Para el final es necesaria una cerveza como medalla de honor. Eso sí, hay que tomarla en botella para no entregar una nueva mancha, ni una sola. 



 

 


miércoles, 4 de agosto de 2021

Altos de la Peste

 





 

No se trata de un bando. No comparten muchas ideas más allá de una arraigada desconfianza. No son una secta y no tienen intenciones de ganar una batalla ni de imponer sus ideas. Solo tienen mayores posibilidades de portar y compartir un virus contagioso y mortal. Se alimentan de algunas mentiras comunes y de su desprecio por las mayorías que quieren imponerles el remedio contra el virus. Un desprecio mutuo que va llegando hasta el odio y las agresiones. El gobierno invoca el bien común para imponer el “tratamiento” y un poco más del 60% de los habitantes de la ciudad están de acuerdo con la exigencia de vacunarse: “No puede ser que la ignorancia y el individualismo de unos nos ponga en riesgo a todos”, es el argumento que se repite.

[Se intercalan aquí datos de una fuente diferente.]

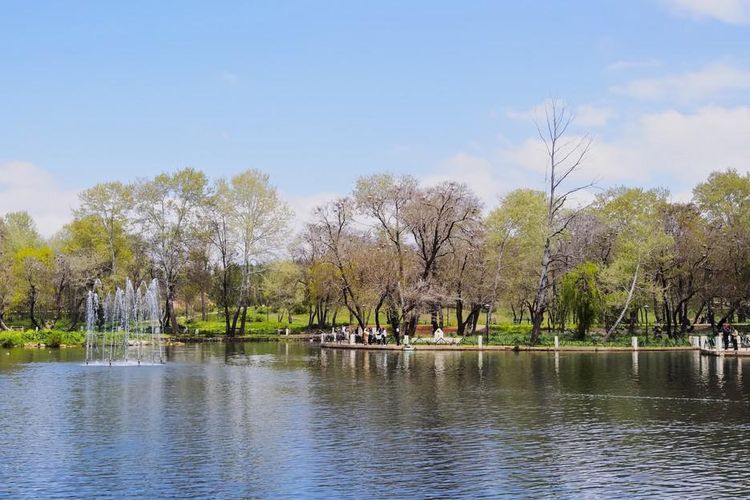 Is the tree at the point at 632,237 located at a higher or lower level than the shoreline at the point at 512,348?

Los “pasaportes” obligatorios empezaron a pedirse en bares y discotecas, luego en oficinas públicas, en restaurantes y supermercados, más tarde en colegios y en algunos puestos de trabajo y, por último, en el transporte público. El carnet con nombre, cédula y constancia de vacunación cambió por un código QR en la parte anterior del brazo. “Un método sencillo y seguro”, reseña la prensa.

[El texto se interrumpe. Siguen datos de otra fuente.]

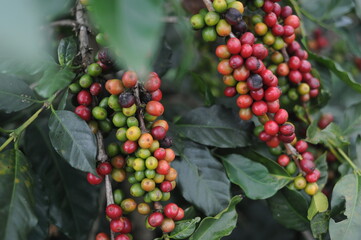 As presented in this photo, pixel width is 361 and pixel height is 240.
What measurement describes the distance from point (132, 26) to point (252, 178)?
0.75 metres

En los barrios del estrato 1 y 2 es donde menos gente se ha puesto la vacuna y el recelo contra las obligaciones del Estado y la “ciencia recién inventada” crece con el paso de los días: “De eso tan bueno no dan tanto”, dice los más desconfiados; “A mí esa maricada no me da”, repiten los más briosos; “Muchos se han muerto después de la vacuna”, susurran los descreídos. Algunos barrios se han convertido en reductos contra las exigencias profilácticas. Allá están sus propios supermercados, restaurantes, bares, iglesias…, y los rectores de los colegios son amigos de los padres antivacunas y los buseros son sobrinos. Es imposible un control real. Ese mundo informal y lejano a la ciudad oficial se ha ido consolidando, separando aún más: “Al fin y al cabo nosotros cuándo íbamos por allá, esa gante nunca se ha querido contagiar de pobreza”. Los barrios han comenzado a recibir visitas de algunos “forasteros” que no quieren vacunarse. La ciudad oficial reforzó fronteras pero al mismo tiempo los barrios sin agujas han tenido nuevos movimientos, clientes y negocios. “Nosotros qué hijueputas, somos la República Independiente de la Peste y tenemos hasta turismo estrato 4, 5 y 6”.

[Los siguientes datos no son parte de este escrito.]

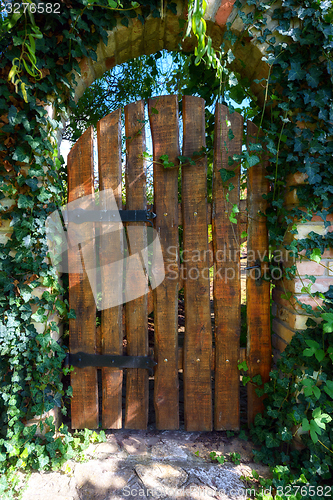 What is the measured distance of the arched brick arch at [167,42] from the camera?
1.64 m

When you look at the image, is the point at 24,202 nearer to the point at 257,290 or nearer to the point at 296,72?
the point at 257,290

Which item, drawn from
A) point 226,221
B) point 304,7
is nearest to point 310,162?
point 226,221

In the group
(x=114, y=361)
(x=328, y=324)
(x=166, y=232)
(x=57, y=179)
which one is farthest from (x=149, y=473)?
(x=57, y=179)

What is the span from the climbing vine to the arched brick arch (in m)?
0.05

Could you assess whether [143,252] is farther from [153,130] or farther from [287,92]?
[287,92]

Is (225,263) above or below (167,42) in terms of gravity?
below

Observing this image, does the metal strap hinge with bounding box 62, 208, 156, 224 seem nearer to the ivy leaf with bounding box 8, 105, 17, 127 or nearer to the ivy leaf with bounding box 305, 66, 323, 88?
the ivy leaf with bounding box 8, 105, 17, 127

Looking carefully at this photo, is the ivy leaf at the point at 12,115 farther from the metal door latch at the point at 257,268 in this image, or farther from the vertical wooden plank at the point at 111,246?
the metal door latch at the point at 257,268

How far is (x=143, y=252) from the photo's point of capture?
5.88 feet

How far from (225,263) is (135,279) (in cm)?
59

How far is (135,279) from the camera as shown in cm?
181

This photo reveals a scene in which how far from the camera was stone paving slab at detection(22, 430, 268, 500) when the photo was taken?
4.73ft

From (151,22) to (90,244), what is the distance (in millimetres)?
1440

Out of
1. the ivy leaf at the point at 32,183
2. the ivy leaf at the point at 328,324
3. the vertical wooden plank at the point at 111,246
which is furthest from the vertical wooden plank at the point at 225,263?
the ivy leaf at the point at 32,183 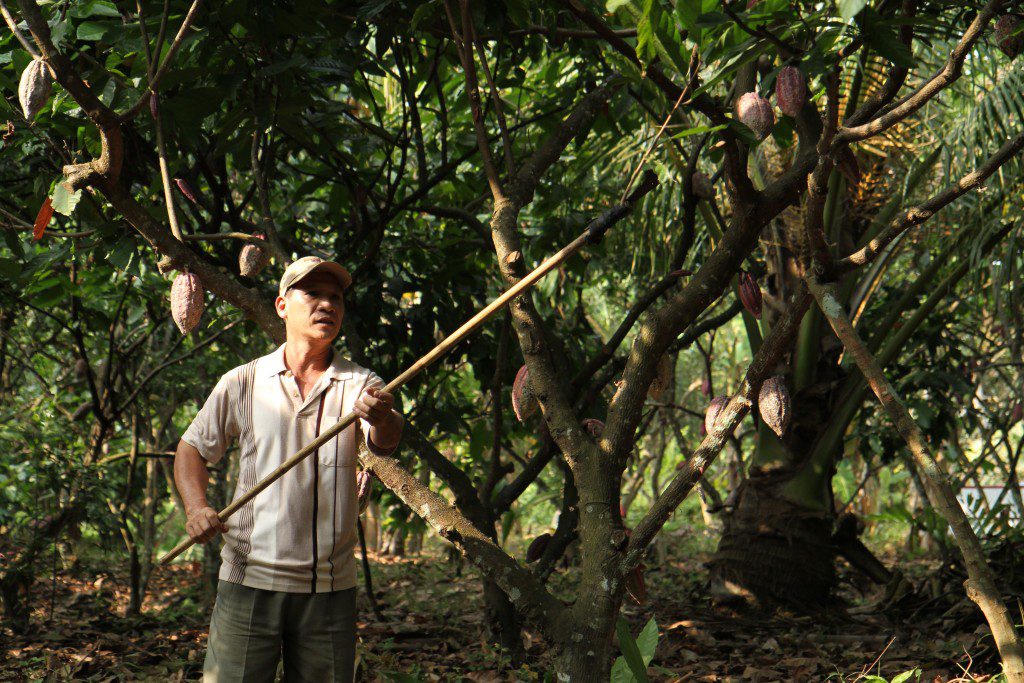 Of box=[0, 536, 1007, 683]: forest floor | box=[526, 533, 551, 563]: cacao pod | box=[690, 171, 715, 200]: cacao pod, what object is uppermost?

Las teorías conspirativas crecieron sustentadas por la vigilancia, algunos abusos, la exigencia de los datos en la muñeca, el anuncio de una tercera dosis. “Si ve, le dije que usted se pone la primera y esa gente ya no para”. En los barrios virales ha florecido la medicina alternativa, la gente incumple sus citas médicas y desatiende los dolores más tratables. El Estado amenaza con dejar de enviar subsidios a quienes no se vacunen. “Las ayudas estarán condicionadas a quienes atiendan la ciencia y el riesgo colectivo”, dicen las autoridades. Alguno recomiendan volver a las medidas pedagógicas y los incentivos pero la obligatoriedad ha marcado un punto de no retorno para lograr convencer a quienes decidieron no vacunarse. Hay familias divididas en los barrios con mayor porcentaje de “sin vacunas”: hijos que terminaron huyendo de la intransigencia de los padres por exigencias de su trabajo. No se contratan gente de barrios no confiables. No queda más que llevarles la “remesa” y visitarlos de lejitos.

Altos de la peste, Villa Covid, Plaza Contagio son los nombres que han comenzado a sonar en chistes y memes. Incluso algunos buseros los ponen en el letrero tras el parabrisas. El virus sigue subiendo y bajando, el miedo se mantiene y las medidas han creado un nuevo mapa de segregación.